The $2,999 suit is called the Katalyst Gen4 training system, and it’s just one of many wellness tools we explore in a whole package about what we like to call “lil cheats.” These are the things you might turn to you if you’re exhausted by all the hype around longevity fads, biohacking, fitness tracking, celebrity MRI startups, new supplements, vampire facials, and on and on and on.

Among the things we examined: Is ketamine therapy really the quick mental health fix some providers promise? Can NAD and other peptides really work magic? What quick turnaround treatments are New York’s top plastic surgeons and dermatologists offering their patients?

A doctor weighs in

I’m not a physician, but we talked to many for this package. And I wanted to share highlights of one of my favorite conversations.

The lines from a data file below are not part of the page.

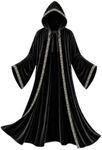 JPXH Adult Hooded Wizard Robe Costume, Velvet Cloak with Gold Trim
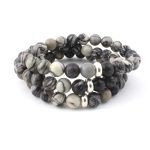 Picasso Jasper Bracelet 8mm single Bracelet, Picasso Jasper stone, Grey Color.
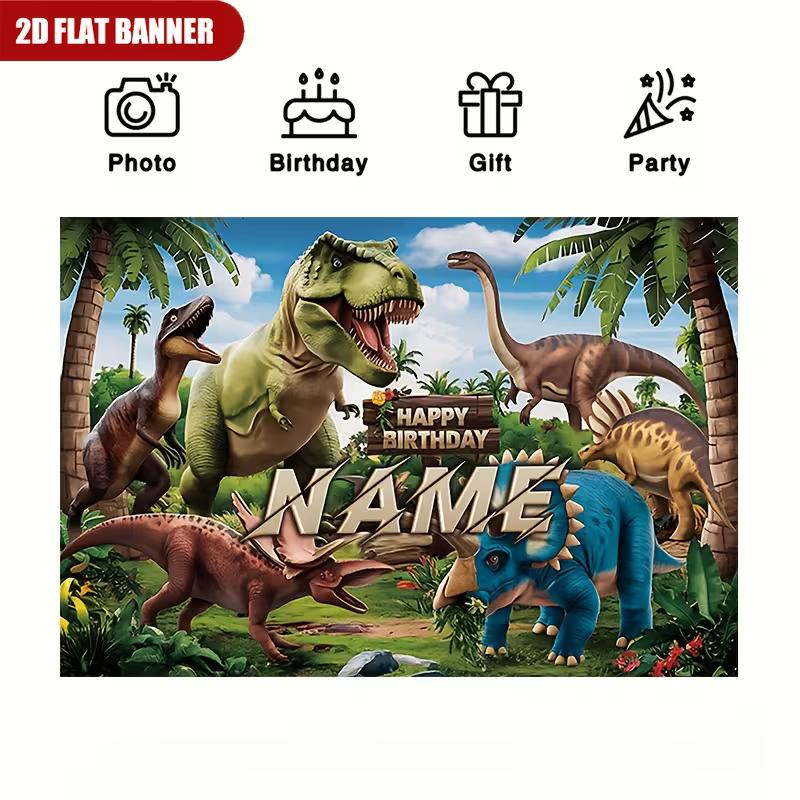 Realistic Dinosaur Birthday Backdrop, Customizable Name Jungle Background with T-Rex & Palm Trees for Boys Room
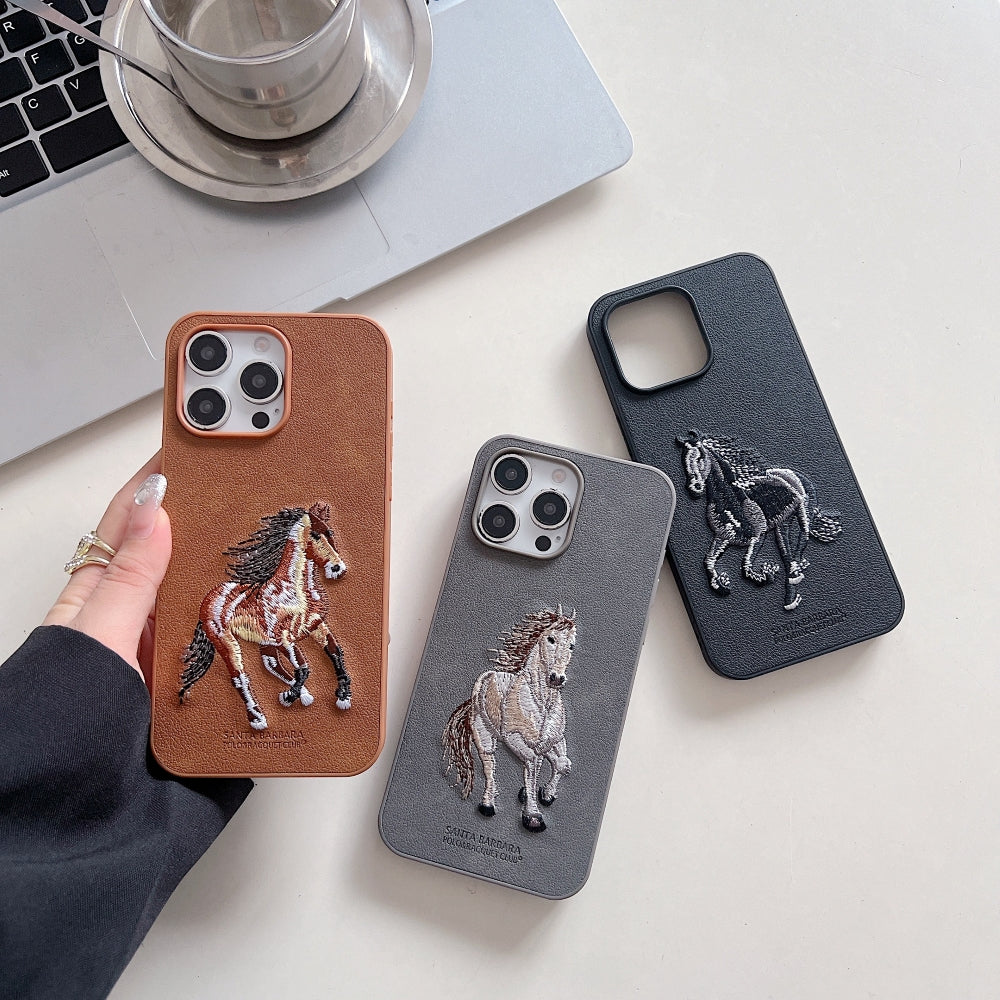 3D Embroided Horse Design PU Leather Phone Case - Mi Note 13 Pro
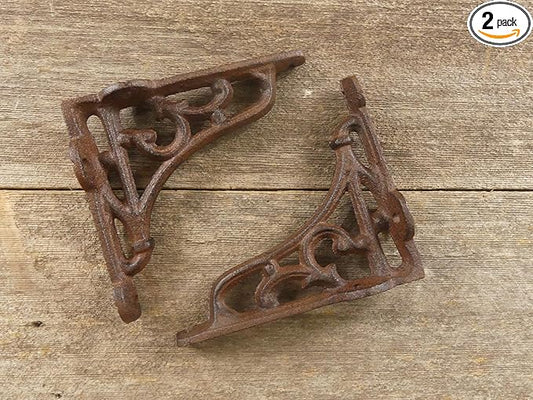 2 Antique Style Shelf Brace Wall Bracket Cast Iron Brackets Small 4 1/8" X 3 5/8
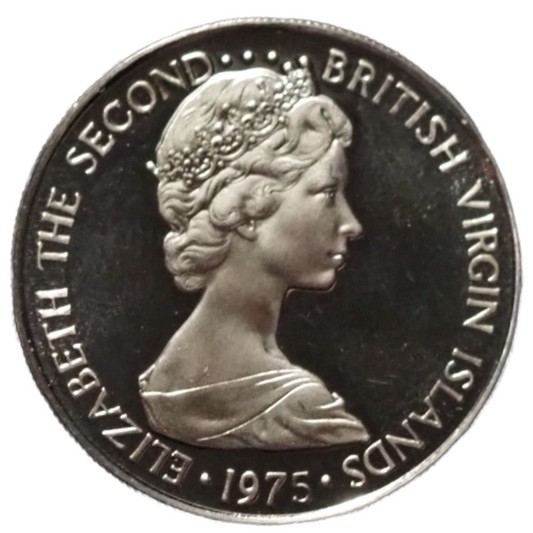 1975 FM  British Virgin Islands 25 Cents,   Proof  Coin   KM# 4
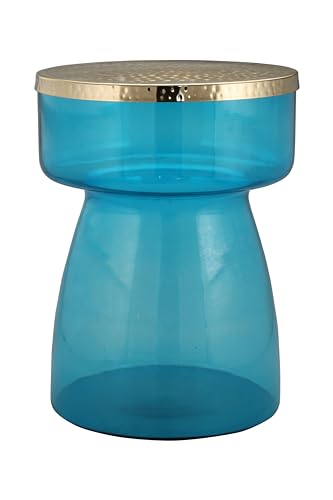 Qiyano Glamouröser Beistelltisch Tepura Blau - Mundgeblasenes Glas, Goldener Metallplatte - Vielseitig & Stilvoll., Wohnzimmer, Bar Lounge Sofa von Qiyano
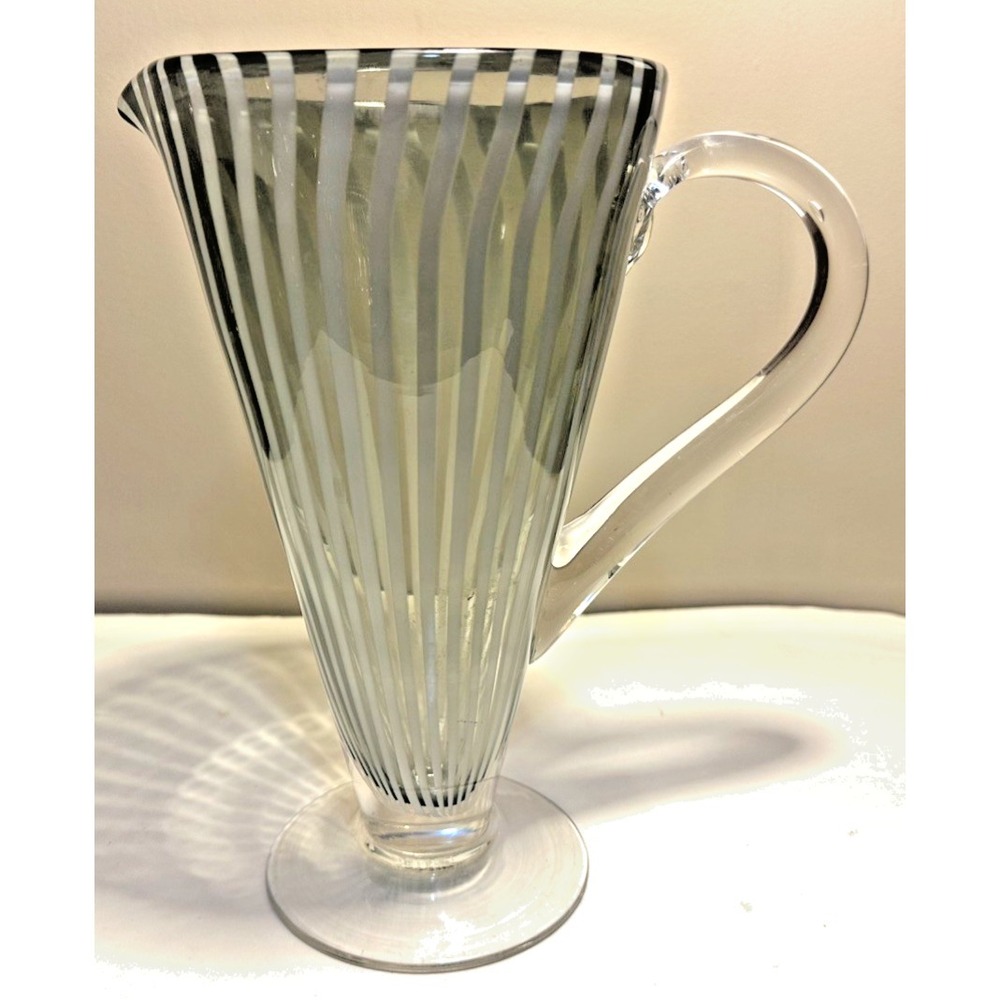 Vintage Ribbed Pressed‎ Glass Creamer Pitcher Clear Fluted Starburst Base Handle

Jordan Shlain has run a concierge medical practice, Private Medical, for 23 years. It has offices in New York, the Bay area, Los Angeles and Miami. Dr. Shlain believes that America’s health-care system focuses too much on addressing harm after the fact, rather than preventing it from happening in the first place. If you have a doctor who knows how you live your life, that person can help you avoid illness and injury far better than the kind of doc you call after you’ve gotten sick or developed a heart condition.

You don’t know what you’re getting when you order an unregulated treatment, even if it seems like it’s from a reputable company. “We had a client of ours who wanted to do an injectable peptide supplement for muscle recovery, L-carnitine. And I had a sample tested,” Shlain remembers. “We got the results back and there was MDMA in it. There was an herbicide in it. I mean, there was L-carnitine in there, like what he was originally looking for. But you’re gonna feel pretty good if you got a little MDMA in your shot.”

Think twice about using IV therapy for wellness (be it athletic performance or even hangover recovery) because it might do more harm than good. Shlain recently wrote an article about this: “The Hidden Cost of Chasing Shortcuts.”

“The number of microplastic particles you get in an IV is far more deleterious to your body than any benefit you’re going to get from a wellness IV,” he says. “There is evidence that plastic’s being leached into your blood, like 58,000 microplastic particles per liter of IV fluid.”